Here is some code that uses this Sequence class:

s = Sequence.new(1, 10, 2)  # From 1 to 10 by 2's
s.each {|x| print x }       # Prints "13579"
print s[s.size-1]           # Prints 9
t = (s+1)*2                 # From 4 to 22 by 4's

The key feature of our Sequence class is its each iterator. If we are only interested in the iterator method, there is no need to define the whole class. Instead, we can simply write an iterator method that accepts the from, to, and by parameters. Instead of making this a global function, let’s define it in a module of its own:

module Sequences                   # Begin a new module
  def self.fromtoby(from, to, by)  # A singleton method of the module
    x = from
    while x <= to
      yield x
      x += by
    end
  end
end

With the iterator defined this way, we write code like this:

Sequences.fromtoby(1, 10, 2) {|x| print x }  # Prints "13579"

An iterator like this makes it unnecessary to create a Sequence object to iterate a sequence of numbers. But the name of the method is quite long, and its invocation syntax is unsatisfying. What we really want is a way to iterate numeric Range objects by steps other than 1. One of the amazing features of Ruby is that its classes, even the built-in core classes, are open: any program can add methods to them. So we really can define a new iterator method for ranges:

class Range                  # Open an existing class for additions
  def by(step)               # Define an iterator named by
    x = self.begin           # Start at one endpoint of the range
    if exclude_end?          # For ... ranges that exclude the end
      while x < self.end     # Test with the < operator
        yield x
        x += step
      end
    else                     # Otherwise, for .. ranges that include the end
      while x <= self.end    # Test with <= operator
        yield x
        x += step
      end
    end
  end                        # End of method definition
end                          # End of class modification

# Examples
(0..10).by(2) {|x| print x}  # Prints "0246810"
(0...10).by(2) {|x| print x} # Prints "02468"

This by method is convenient but unnecessary; the Range class already defines an iterator named step that serves the same purpose.
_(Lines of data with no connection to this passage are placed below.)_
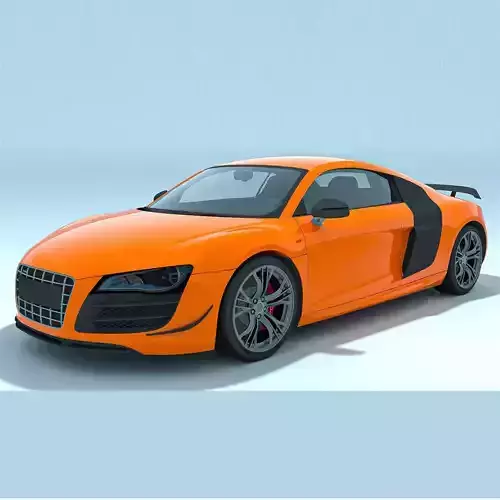 High Performance Mid Engine Sports Car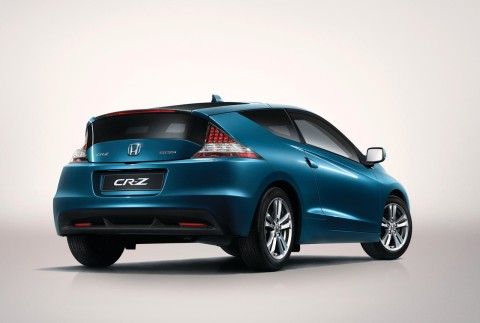 Heck des Hybrid-Sportcoupé Honda CR-Z 2010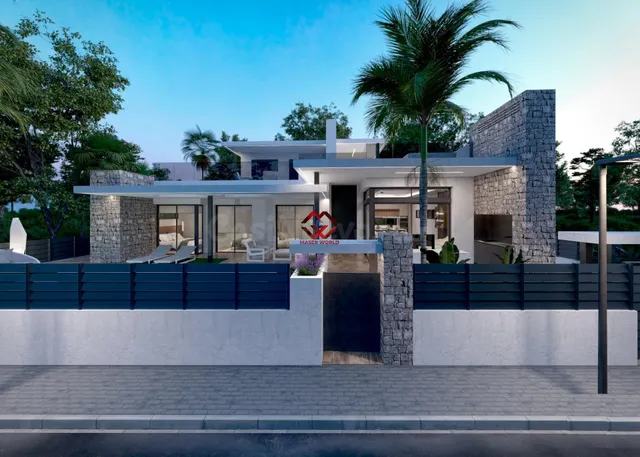 Villa de lujo en primera línea del lago en el complejo Santa - foto 5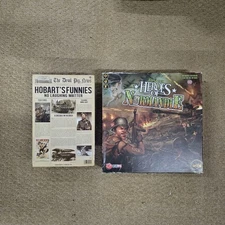 Heroes of Normandie (Devil Pig Games) Core Game + Horbart Funnies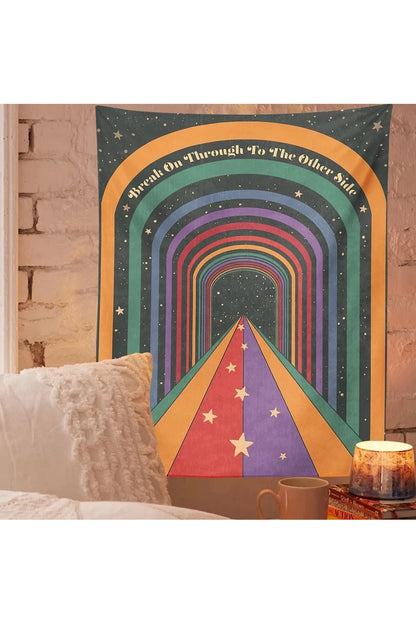 Rynx | Gate of Eternity psychedelic tapestry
The core Ruby API is a rich one, and it is worth taking the time to study the platform (see Chapter 9) so you don’t end up spending time writing methods that have already been implemented for you!

Ruby Surprises

Every language has features that trip up programmers who are new to the language. Here we describe two of Ruby’s surprising features.
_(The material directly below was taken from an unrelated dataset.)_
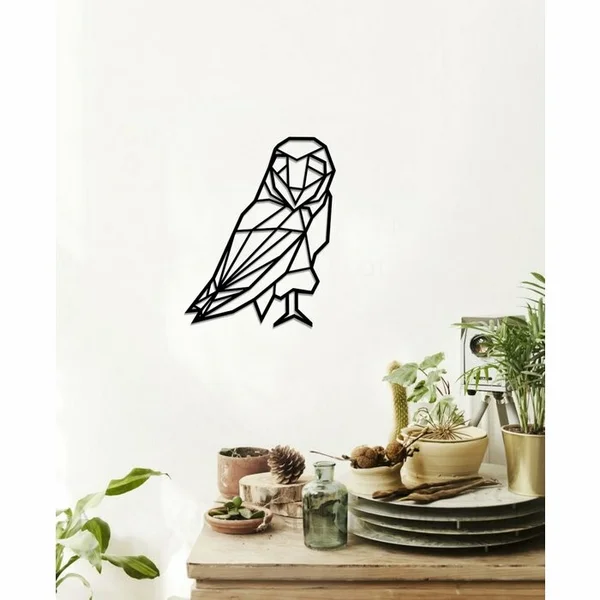 Lasergesneden Uil II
Ruby’s strings are mutable, which may be surprising to Java programmers in particular. The []= operator allows you to alter the characters of a string or to insert, delete, and replace substrings. The << operator allows you to append to a string, and the String class defines various other methods that alter strings in place. Because strings are mutable, string literals in a program are not unique objects. If you include a string literal within a loop, it evaluates to a new object on each iteration of the loop. Call the freeze method on a string (or on any object) to prevent any future modifications to that object.
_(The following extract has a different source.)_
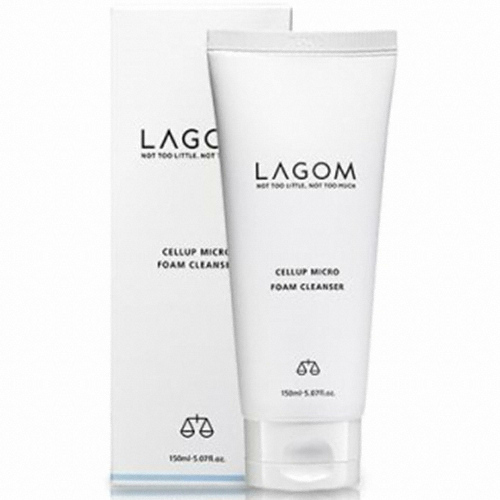 코스메카코리아 라곰 셀럽 마이크로 폼 클렌저 150ml (2개)_이미지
Ruby’s conditionals and loops (such as if and while) evaluate conditional expressions to determine which branch to evaluate or whether to continue looping. Conditional expressions often evaluate to true or false, but this is not required. The value of nil is treated the same as false, and any other value is the same as true. This is likely to surprise C programmers who expect 0 to work like false, and JavaScript programmers who expect the empty string "" to be the same as false.